+----------+  Token   +--------+ Parse   +-------------+
Source ===>| Lexical  | =======> | Parser | ======> | Interpreter |
           | Analyzer |  Stream  +--------+ Tree    +-------------+
           +----------+

The lexical analyzer layer (or lexer) translates the character stream’s source code into a token stream. The tokens act as placeholders for lexemes which are the literal strings in the source code, which allows the parser to deal with categories of strings rather than the strings themselves. The parser then generates a parse tree or some other internal representation of the program. It presents this to the interpreter layer, which traverses the structure and executes the code as it goes.

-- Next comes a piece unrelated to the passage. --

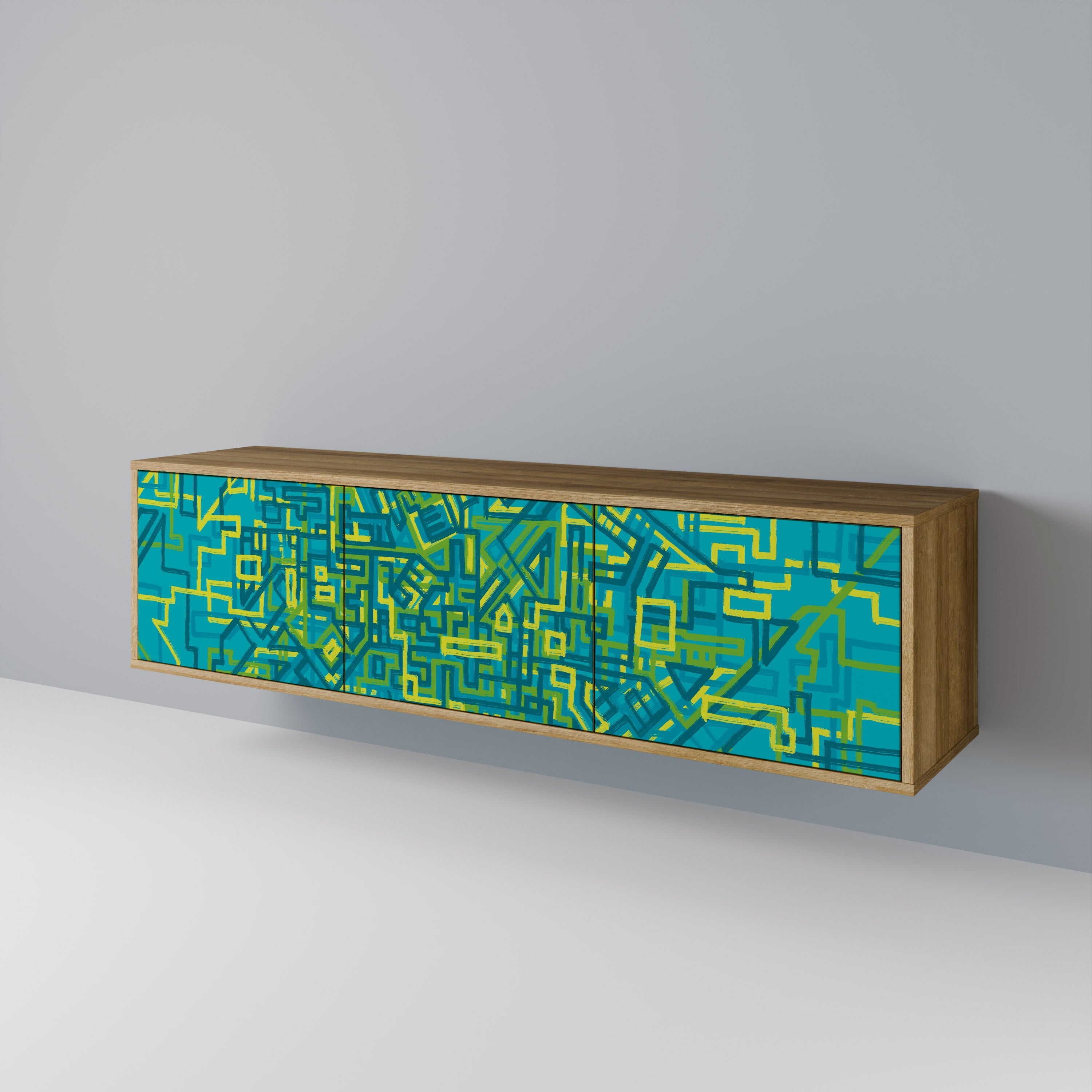 Meuble TV 3 portes effet chêne NOSTALGIC MEMORIES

The division of the grammar processing into two layers assumes that a language is primarily context-free with some regular elements in place. The Lexers can process rules of the form:

< A > ::= "a" | "a" < B >

where < A > and < B > are non-terminal symbols and a is some terminal.
These types of rules form a regular grammar. If you are not familiar with language theory, but if you know about regular expressions, then you could also state this as “lexers can process the part of the language that can be written as regular expressions.”

< A > ::= alpha

Here alpha is any string of terminals and non-terminals. These rules form the context-free grammar. The reason why they are referred to as context-free is that each parser rule is processed by itself. It does not matter what rule was expanded before or after each rule. Most programming languages are predominantly regular, with the exception of name resolution. Name resolution is typically left to the interpreter layer because this is a context-sensitive operation. The idea, though, is that the parser can build the basic sequence of operations, and then the interpretive layer processes the semantics of the language.

Logo has several properties that somewhat blur the line between these layers. In some respects, it is much simpler than other programming languages, but some aspects of the language do not lend themselves to this traditional 3-layer architecture.

Building a Grammar for Logo

When I decided to write an interpreter for Logo, I set out to find a formal definition of the language. I wanted to see a Backus-Naur Form (BNF) grammar from which I could construct my lexer and parser. Once I had that, it would be a simple matter to construct a tree-walk interpreter. However, I could not find one! First, there is no formal Logo standard. Logo is more of a group of languages with a loosely similar set of behaviors and syntax. This is unsurprising in that Logo never received the sort of attention that would call for standardization. I was surprised that its original creators did not give that sort of definition. So I gathered as many Logo books from the 70s and 80s as I could, and I started to look for clues to the formal implementation of the language.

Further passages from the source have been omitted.